Hi, talking with Tamama, Emixode and Bmk I found it necesarry to overwork the proposal a little bit. :-)
Main goals for a new 0.7 protocol are:
- full HTTP alike connections, to achieve an easy parser
- straight and simple connection sheme, easy and fast
- very flexible desgin for later needs, avoiding a 0.8 in near future *g*
- don't hurt old v0.4 servants, let them still be operable
Appendix A: Extended HTTP style connecting
First of all we make the connection sequence full HTTP like (to use the same parser on all incoming connections). I suggest to use 'CONNECT REQUEST GNUTELLA/0.7', the response 'GNUTELLA/0.7 200 OK' is allready correct.
Then I suggest a slightly different connection handshake to what I wrote in the original post.

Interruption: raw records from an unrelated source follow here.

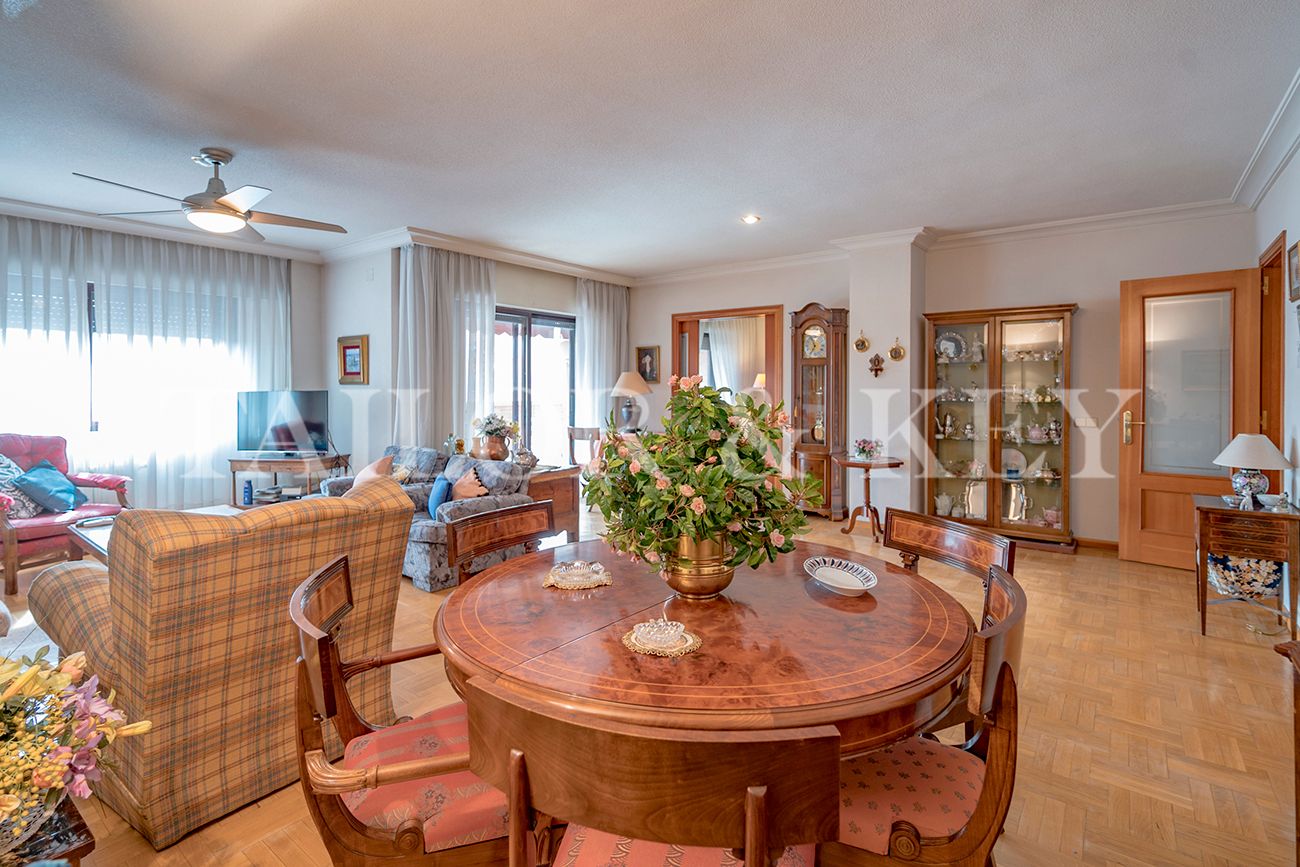 Dining room of Flat for sale in Pozuelo de Alarcón  with Air Conditioner and Terrace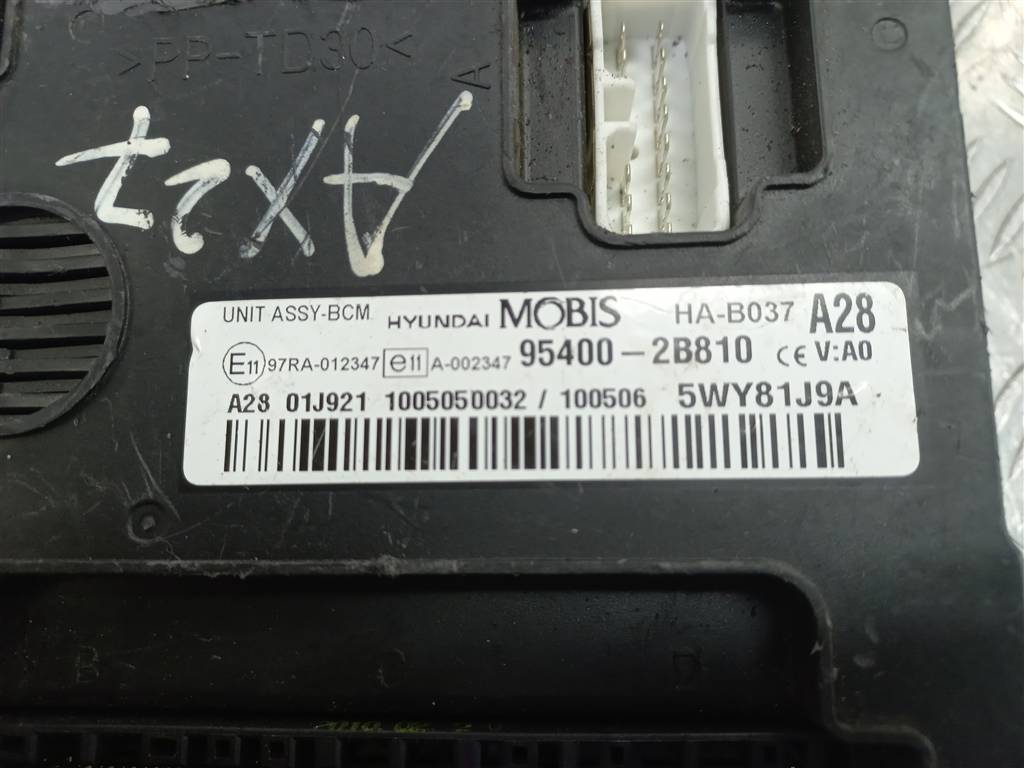 блок управления Hyundai SANTA FE  954002B810, 980 рублей, Москва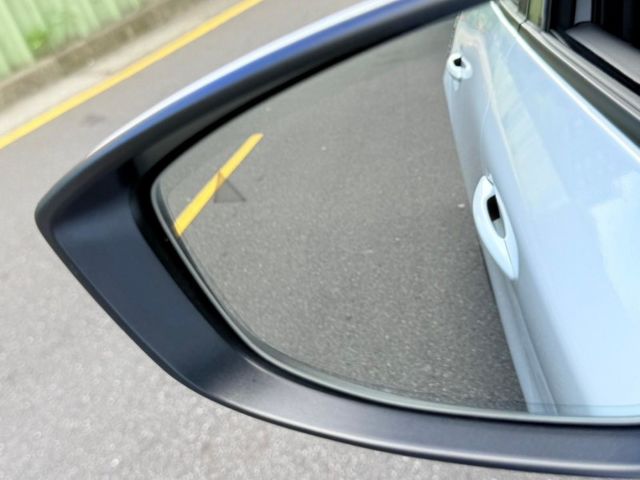 Mazda  Mazda3  第9張相片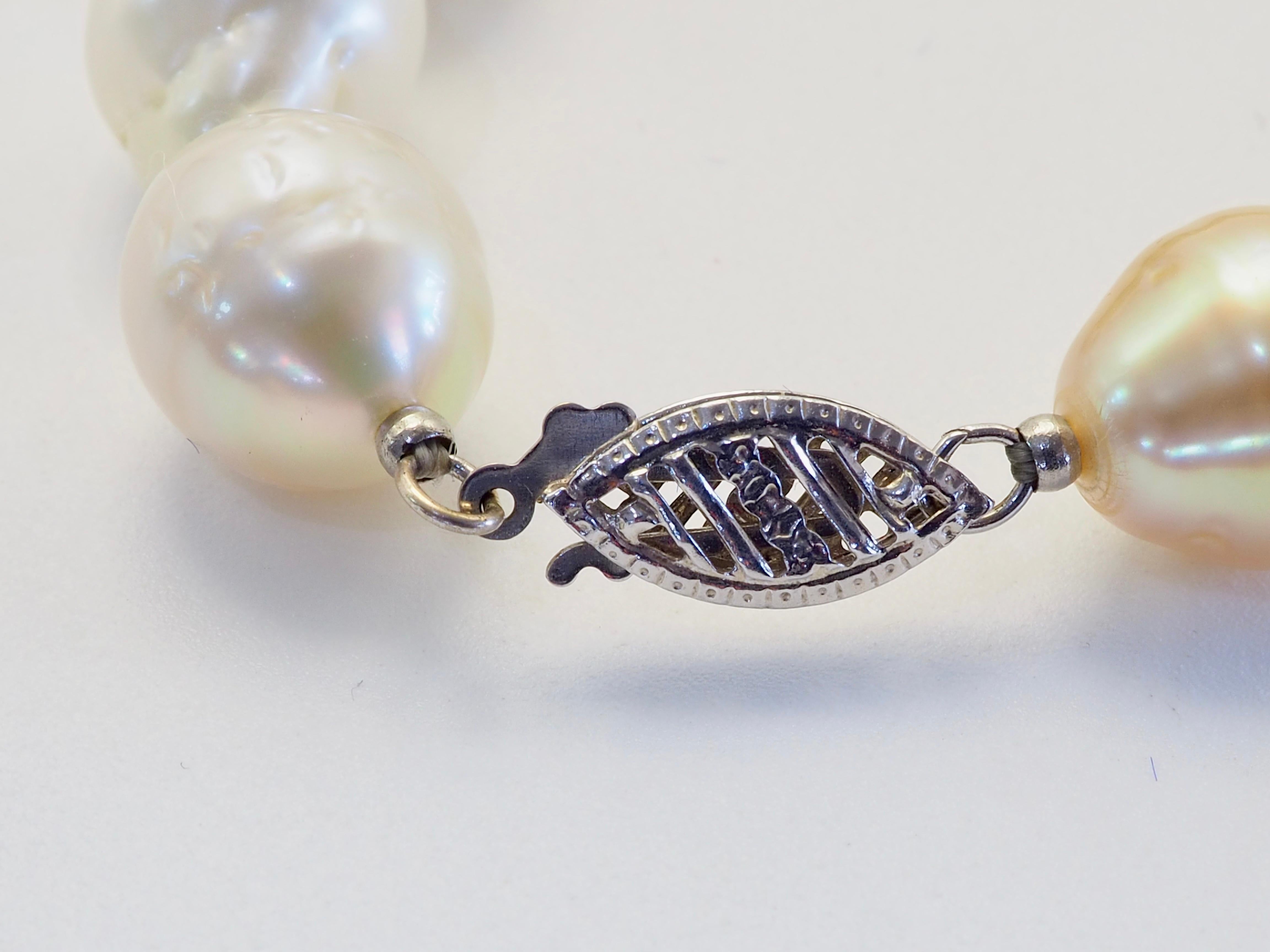 Femenino o masculino Collar de oro blanco de 14 quilates con perlas del mar del sur doradas y blancas, 18,2 pulgadas en venta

A v0.7 servant will implement too alternatives:
* 1st handshake alternative:
Fast-Connect
Overview: Default handshake, fixed 2 steps (may be repeated in case of error codes)
Here is a sample interaction:
Code:
Client Server Comments
-----------------------------------------------------------
CONNECT REQUEST GNUTELLA/0.7<cr><lf> <- step 1
User-Agent: AoloA/1.0<cr><lf>
Query-Routing: 0.2, 0.1<cr><lf>
<cr><lf>
GNUTELLA/0.7 200 OK<cr><lf> <- step 2
User-Agent: Peeranha/1.2<cr><lf>
Query-Routing: 0.1<cr><lf>
Your-IP: 194.246.250.222<cr><lf>
<cr><lf>
[binary messages] [binary messages]
The Fast-Connect is default, it will be the most used connection type. Easy and simple. Each client tells usually _all_ (interesting) features it supports in the headers, once. Unknown headers are ignored, for known headers the from both highest supported version is used. After those two steps (two clients = two steps) the binary messages start automatically.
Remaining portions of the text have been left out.